Task statement:
In this exercise, print only the lines of the records below from the one with "Apartament 3 camere" through the one with "Oto Çıkma Parça", inclusive. Pictures are not part of the copy.

Source records:
^^^^^^^^

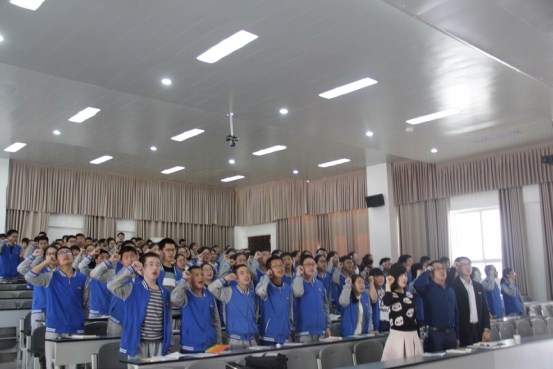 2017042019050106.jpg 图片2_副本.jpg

^^^^^^^^

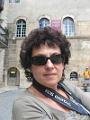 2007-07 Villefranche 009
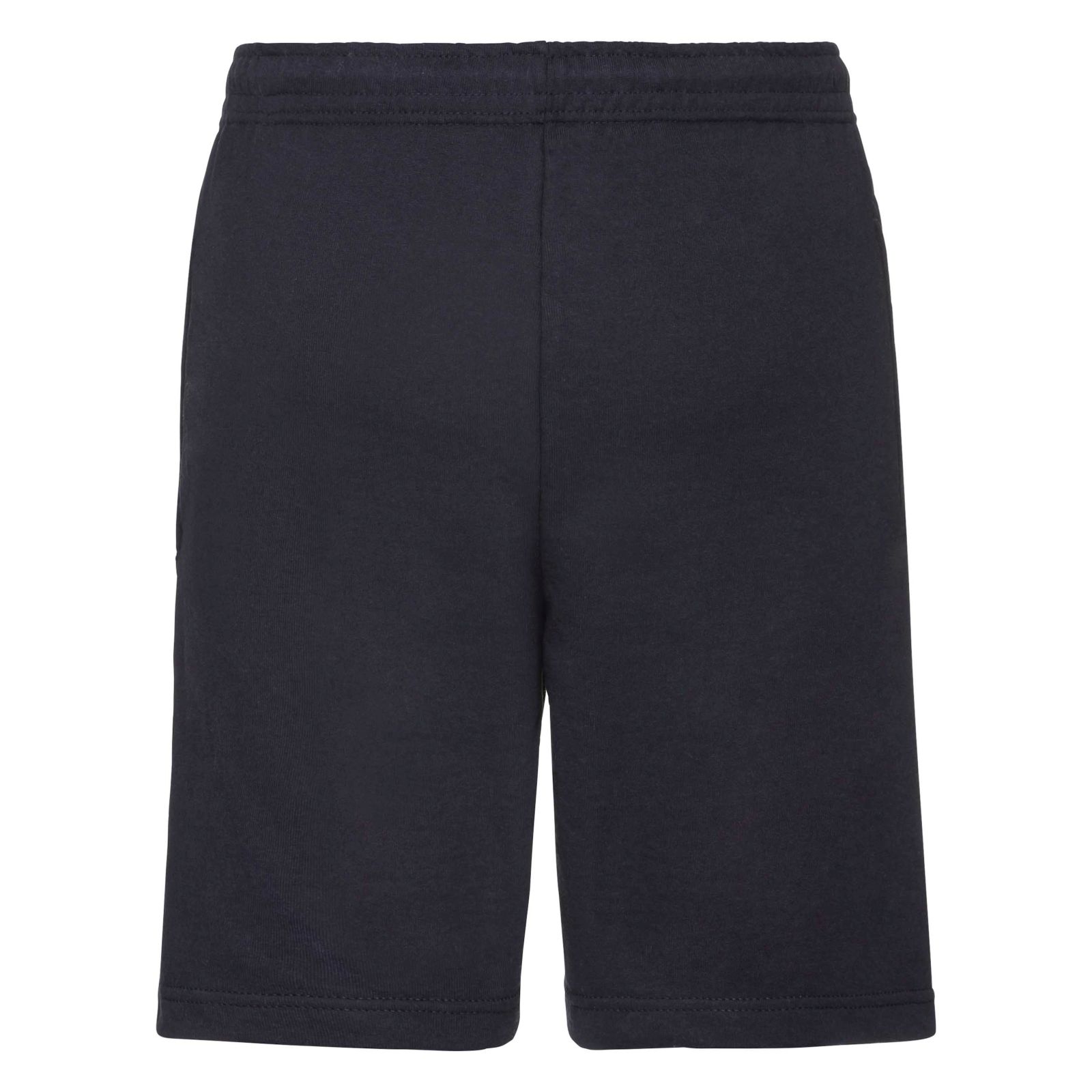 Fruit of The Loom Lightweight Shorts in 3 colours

^^^^^^^^

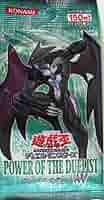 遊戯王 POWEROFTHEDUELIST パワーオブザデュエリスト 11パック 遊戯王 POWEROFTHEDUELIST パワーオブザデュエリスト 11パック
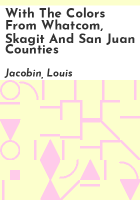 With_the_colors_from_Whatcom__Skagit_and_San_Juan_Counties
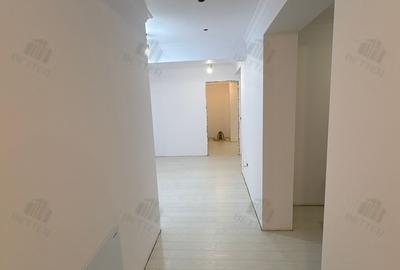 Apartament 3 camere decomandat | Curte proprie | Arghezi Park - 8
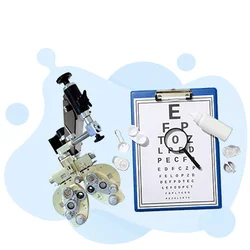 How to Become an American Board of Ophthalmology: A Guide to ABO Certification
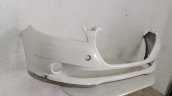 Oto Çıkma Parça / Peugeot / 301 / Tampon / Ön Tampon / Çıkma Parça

^^^^^^^^

Problem solution:
 Apartament 3 camere decomandat | Curte proprie | Arghezi Park - 8
 How to Become an American Board of Ophthalmology: A Guide to ABO Certification
 Oto Çıkma Parça / Peugeot / 301 / Tampon / Ön Tampon / Çıkma Parça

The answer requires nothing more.